Farther along there's a dog -- a spaniel, recently dead. Something's torn it open; there's a scribble of entrails, a buzzing of flies, but no vultures yet. Whatever it was will surely return to its kill: predators don't waste. Toby eyes the roadside bushes: the vines are growing almost audibly, shutting out sight. What a lot of kudzu. "We should walk faster," she says.
But Ren can't walk faster. She's tired, her packsack's too heavy. "I think I'
m getting a blister," she says. They stop under a tree for a drink of Zizzy Froot. Toby can't shake the feeling that something's crouched up in the branches, waiting to leap on them. Can liobams climb? She forces herself to slow down, to breathe deeply, to take her time.
"Let's see your blister," she says to Ren. It's not a blister yet. She tears a strip off her top-to-toe, winds it around Ren's foot. The sun's at ten. They put on their top-to-toes and Toby smears their faces with more SolarNix, then sprays them again with SuperD.
Ren begins to limp before they've reached the next curve in the road.
"We'll cut across the meadow," says Toby. "It's shorter that way."
SAINT RACHEL AND ALL BIRDS
SAINT RACHEL AND ALL BIRDS
YEAR TWENTY-FIVE.
OF THE GIFTS OF SAINT RACHEL; AND OF THE FREEDOM OF THE SPIRIT. SPOKEN BY ADAM ONE.
Dear Friends, dear Fellow Creatures and Fellow Mortals:
What a cause for rejoicing is this rearranged world in which we find ourselves! True, there is a certain -- let us not say disappointment. The debris left by the Waterless Flood, like that left by any receding flood, is not attractive. It will take time for our longed-for Eden to appear, my Friends.

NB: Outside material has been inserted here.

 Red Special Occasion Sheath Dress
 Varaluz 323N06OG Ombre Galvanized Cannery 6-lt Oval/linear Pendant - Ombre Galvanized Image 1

But how privileged we are to witness these first precious moments of Rebirth! How much clearer the air is, now that man-made pollution has ceased! This freshly cleansed air is to our lungs as the air up there in the clouds is to the lungs of Birds. How light, how ethereal they must feel as they soar above the trees! For many ages, Birds have been linked to the freedom of the Spirit, as opposed to the heavy burden of Matter. Does not the Dove symbolize Grace, the all-forgiving, the all-accepting?

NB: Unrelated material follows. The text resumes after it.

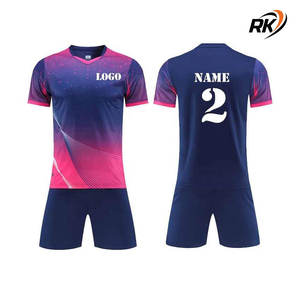 Acheter Doux Respirant Uniforme De Football De Mode Style Sublimation Custom Made Vente En Gros Bon Marché Uniforme Maillot De Football - Product Image 1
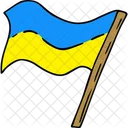 Ukrainian flag  아이콘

It is in the spirit of that Spirit of grace that we welcome among us three fellow Mortal companions on our journey -- Melinda, Darren, and Quill. They have miraculously escaped the Waterless Flood by having been providentially sequestered: Melinda in a hilltop yoga and weight-loss establishment, Darren in a hospital isolation ward, and Quill in a place of solitary incarceration. We rejoice that these three appear not to have been exposed to viral contamination. Although not of our Faith -- or not still of our Faith in the case of Quill and Melinda -- they are our fellow Creatures; and we are happy to aid them at this common time of trial.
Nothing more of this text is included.